Often, agency CEOs grew up in account management. Now, they're sometime finding themselves looking up at holding company account executives. Mr. Sadoun said the key account manager of the future is not necessarily the agency CEO but an account leader "who can transform big relationships" into an "integrated system" that goes beyond one specific agency.

Translation: They decide where the money goes.

This can naturally cause tension between them and agency CEOs, one of which referred to holding company account managers as "oligarchs."

"In some [holding company] cultures, being the global account lead is becoming more important than the agency CEO," this person said, because the lead controls big budgets that can often be a significant amount of an agency's fee. "Who owns the client relationship is so key to who controls authority and power."

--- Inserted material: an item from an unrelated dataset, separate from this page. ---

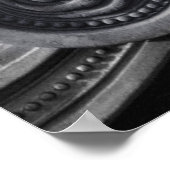 薬師寺瓦 ポスター (角)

But account leaders are also fewer in number. Back in the old days, account management departments were often bloated, with multiple layers of employees to justify big fees. Not anymore. In the past 15 to 20 years, the departments have dwindled, thanks in part to the commission system dying, but also due to clients demanding access to top agency executives. The account mangers are now those liaisons.

Industry insiders point to this decade's "procurement revolution" as a tipping point for account management. As client procurement departments trimmed fees, agencies had to get lean, particularly holding company shops required to maintain a certain margin.

Training and Talent Shortage

But while the stock of account managers is rising, a confluence of factors is working against growing their ranks. During the recession, client budget cuts prompted agency layoffs, often in the account management department. As the theory went at the time, shops could still operate with a lean account management staff, at least leaner than the creative department.

Squeezed fees also took a toll on in-house training programs for the posts. Even an MBA from a top-tier business school wasn't necessarily prepared for a broadening account management role. Agencies that felt pressure to cut costs often put their training programs on the chopping block, agency executives said.

Ms. Rosen said that there is concern among agencies that employees in account management today are not getting properly trained, especially when it comes to keeping up with the rapidly changing industry.

"Back in the day when we were working off commissions and there was more fat, you could always turn that into muscle," said TBWA New York CEO Rob Schwartz. "Agencies would invest in more training programs. But if they want to train now, it's often coming out of profits."

And, of course, shops have to compete with more businesses now for the best talent. Tech companies like Facebook and consultants like Deloitte are increasingly seeking account managers, and the pay and perks are often better. "There are a lot of great companies to work for. What are agencies promising?" said Mr. Schwartz. "Long nights, low pay and chronic disrespect. That's not a recipe for A-plus talent."

Agencies Don't Prioritize Account Management

But while the client's thinking has evolved when it comes to account managers, agencies are largely unenlightened when it comes to new business pitches, where creatives and strategists shine but account managers often get only a couple slides at the end of a deck.

"Clients say that account management is the most important role at an agency for them, but they say that they're often not sure they've gotten a good sense of that person and their capabilities" during pitches, said Meghan McDonnell, senior VP at consultant Pile & Co. "You need to give a meaningful role to the account person," she cautioned agencies.

Some agency people realize their value, though. "Being an account person is the hardest thing in advertising," said Rob Reilly, global creative chairman at McCann. Account management helps synthesize what clients need, he said. "Knowing how to manage people and understand people is what great account people do."